-- RECORDS FOR THE TASK follows --

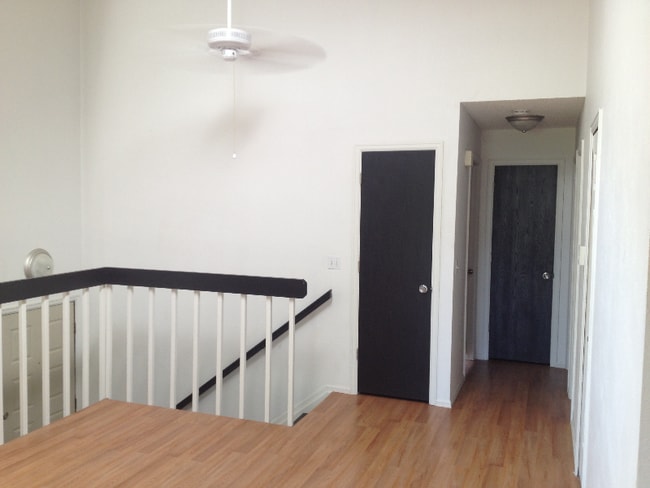 Building Photo - 2241 W Hillside Ave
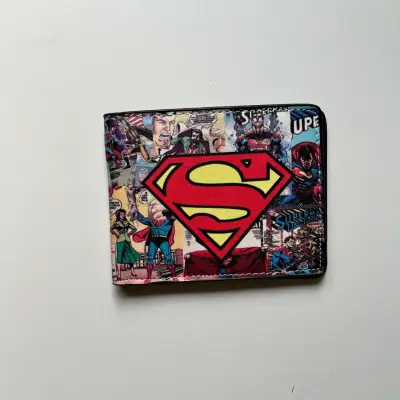 Billetera de Superman con diseño de cómic - miniatura 1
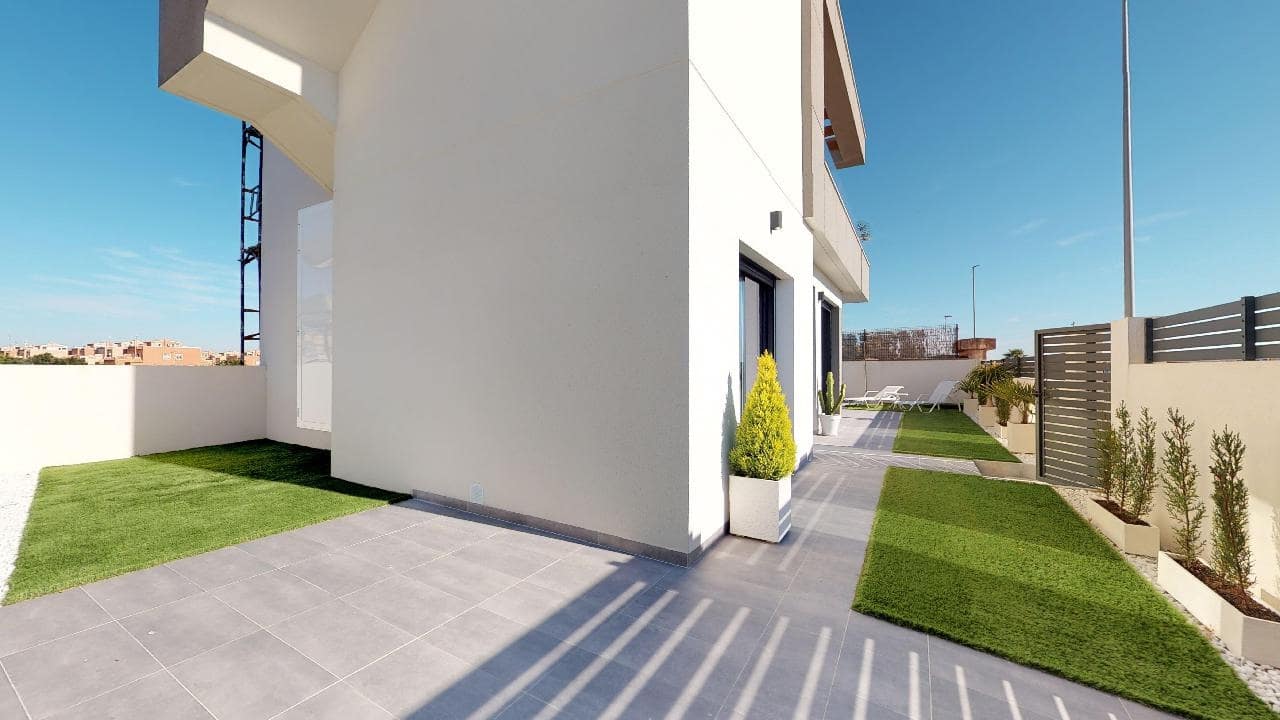 3 soverom Villa til salgs i Los Montesinos med svømmebasseng garasje - € 396 900 (Ref: 8207426)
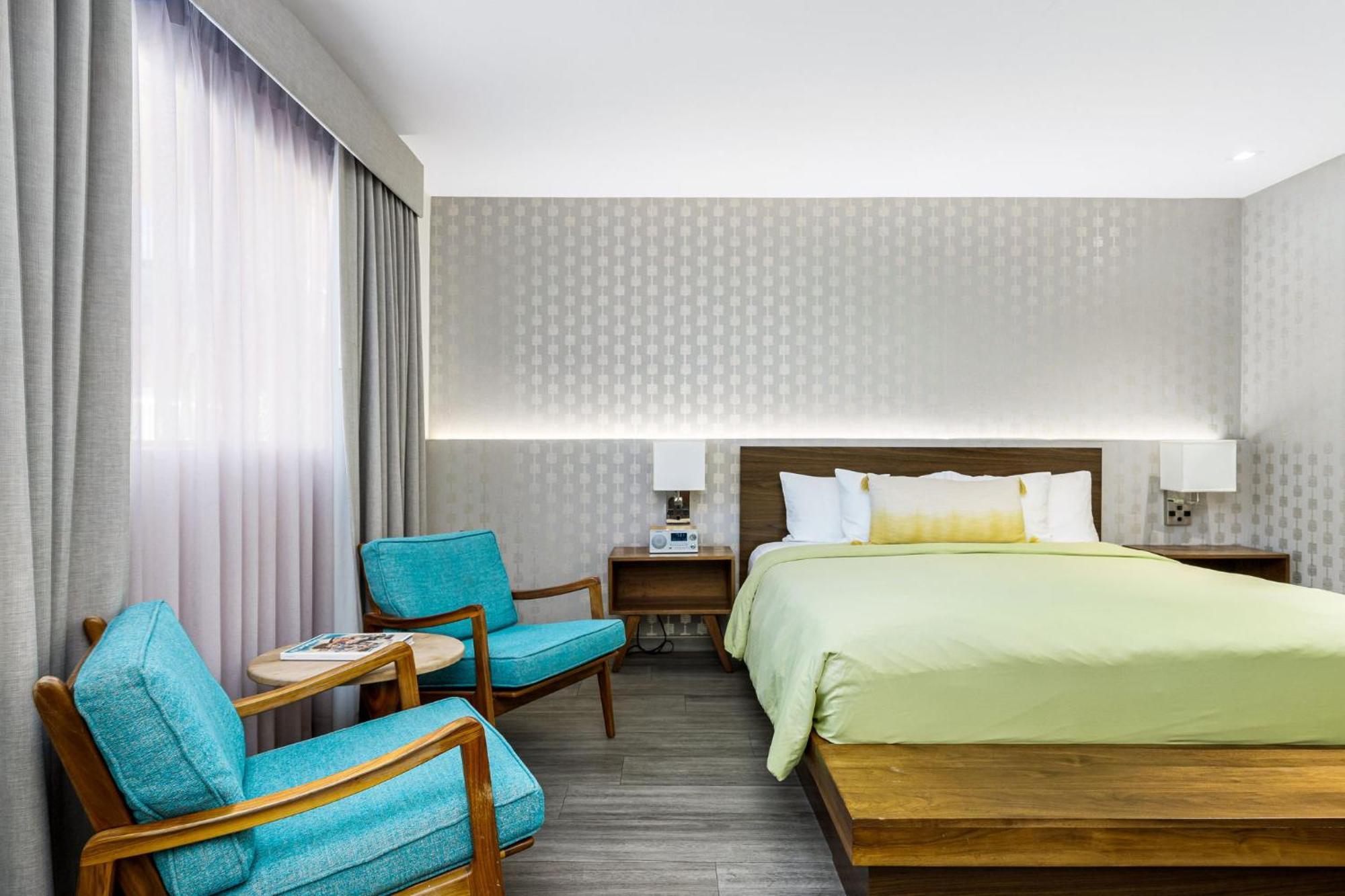 The Skylark, A 3* Palm Springs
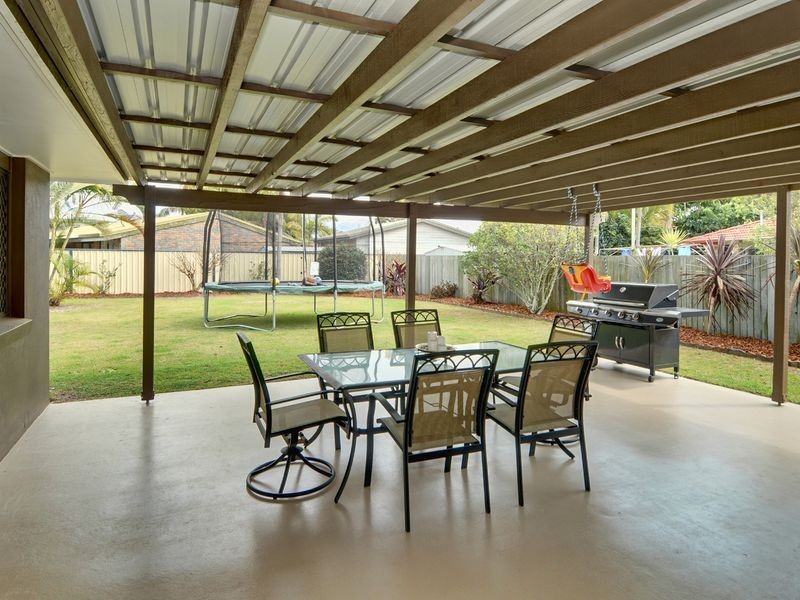6 Corella Drive, Parrearra QLD 4575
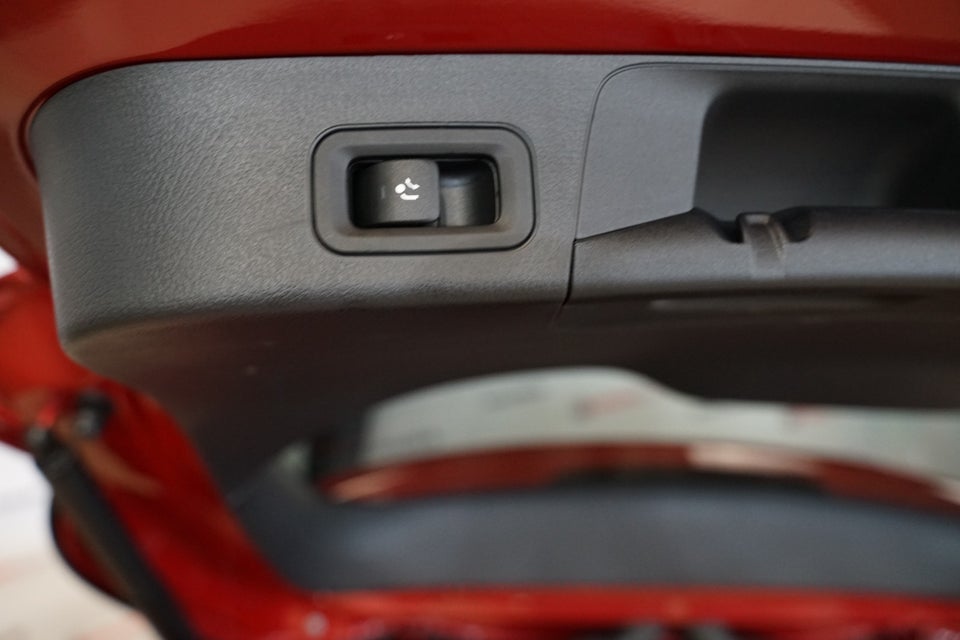 Mercedes EQB300 AMG Line 4Matic 5d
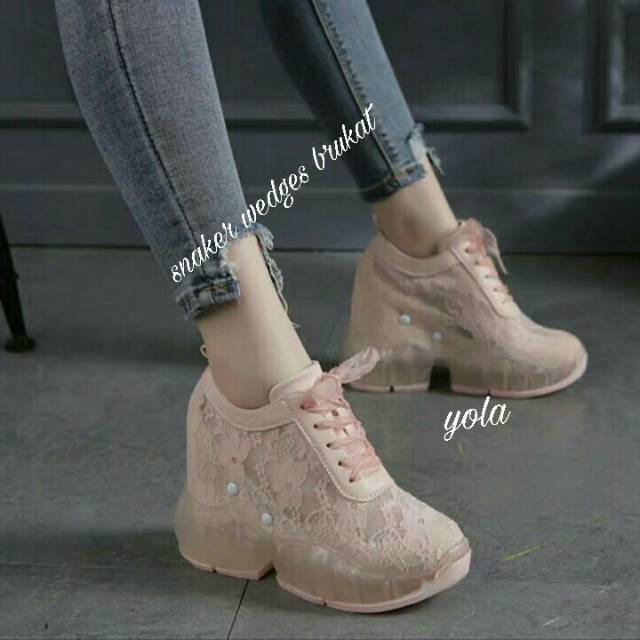 SEPATU BOOTS WEDGES WANITA SNEAKER BRUKAT PESTA IMPORT UNDANGAN PAYET TRANSPARANT EMORY  IMPORT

-- RECORDS FOR THE TASK concluded --

#### [WHAT YOU SHOULD DO]
For this exercise, the lines from the one containing "The Skylark, A 3* Palm Springs" through the last line of the entries above are to be output exactly, both included, and pictures are skipped.

#### [RESPONSE]
 The Skylark, A 3* Palm Springs
6 Corella Drive, Parrearra QLD 4575
 Mercedes EQB300 AMG Line 4Matic 5d
 SEPATU BOOTS WEDGES WANITA SNEAKER BRUKAT PESTA IMPORT UNDANGAN PAYET TRANSPARANT EMORY  IMPORT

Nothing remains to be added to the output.